Auteur : Souleymane Niang

La mathématique d’aujourd’hui est une mise au point, une actualisation des connaissances traditionnelles due à une réorganisation profonde des idées.
Cette actualisation ne porte pas seulement sur une certaine symbolique ou sur la langue, si nouveau qu’il apparaisse, car pour peu qu’un langage soit cohérent, on finit toujours par s’y habituer et par l’adopter.
Le changement porte, au-delà des signes et des symboles, sur la pensée mathématique elle-même, qui conduit à une certaine tournure d’esprit « économique ». Cela veut dire que la mathématique actuelle permet de mieux réagir devant des situations diverses en saisissant globalement ce qui les caractérise ; cela veut dire qu’elle facilite l’élaboration de théories générales plus fécondes, sans s’attarder sur des cas particuliers résolus ou résolubles par ces théories ; cela veut dire qu’elle renouvelle et enrichit la pensée mathématique.
Ce qui frappe dans la mathématique actuelle, c’est sa grande unité, unité qui se trouve réalisée par la théorie des ensembles élaborée vers le milieu du dix-neuvième siècle, reprise et travaillée depuis lors pour atteindre un haut degré de raffinement et d’abstraction vers le milieu de notre siècle ; unité qui réconcilie la Géométrie et l’Arithmétique et qui explique l’importance particulière qu’on accorde, dès les premiers pas de l’apprentissage, aux « notions sur les ensembles ».

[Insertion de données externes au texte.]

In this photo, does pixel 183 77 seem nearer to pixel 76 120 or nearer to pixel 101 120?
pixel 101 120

Cet aspect de réorganisation, de remise en ordre qui bouscule les habitudes, est sans doute un des facteurs actifs qui ont été à l’origine d’une violente campagne contre la Mathématique, campagne qui s’apaise peu à peu, brisée par la vitalité même de cette Mathématique, foyer d’idées novatrices et creuset d’outils efficaces d’où viennent s’abreuver et s’armer la plupart des autres sciences, pour une meilleure connaissance du monde.

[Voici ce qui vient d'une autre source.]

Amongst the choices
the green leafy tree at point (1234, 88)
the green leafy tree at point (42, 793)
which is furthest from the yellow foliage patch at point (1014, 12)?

Néanmoins la Mathématique d’aujourd’hui pose un problème fondamental : celui de l’élaboration d’une pédagogie adaptée à ce qui apparaît être une révolution ; et « toute la révolution tient dans la manière d’enseigner . [1] Il importe dès lors de s’attarder un peu sur cette recherche pédagogique.
Des études minutieuses et profondes, menées notamment par J. Piaget [2] et ses collaborateurs, ont montré que l’évolution mentale de l’enfant se fait de façon stadiale par trois paliers successifs jusqu’à l’âge de onze-douze ans. Mais cette évolution est-elle influencée par un environnement social, par une pédagogie adéquate ?
Si dans cette évolution l’on s’en tient strictement au développement des structures intellectuelles déterminantes et non aux acquisitions empiriques, la réponse est nettement positive chez J. Brunner [3] pour lequel ce développement intellectuel s’acquiert « par un processus d’intériorisation des procédés d’action, d’imagination et symbolisation qui existent dans la culture de la société ».
Brunner réfute les thèses de Piaget et de ses collaborateurs qui pensent que « le succès de l’apprentissage est nettement subordonné au niveau de développement intellectuel » [4], ce développement ne pouvant être acquis ou accéléré par un simple apprentissage.
Le rôle de l’éducation et celui de l’apprentissage dans le processus de développement intellectuel de l’enfant et dans celui de la transmission des connaissances est dès lors posé. L’importance de la pédagogie dans ce processus dépend du point de vue adopté.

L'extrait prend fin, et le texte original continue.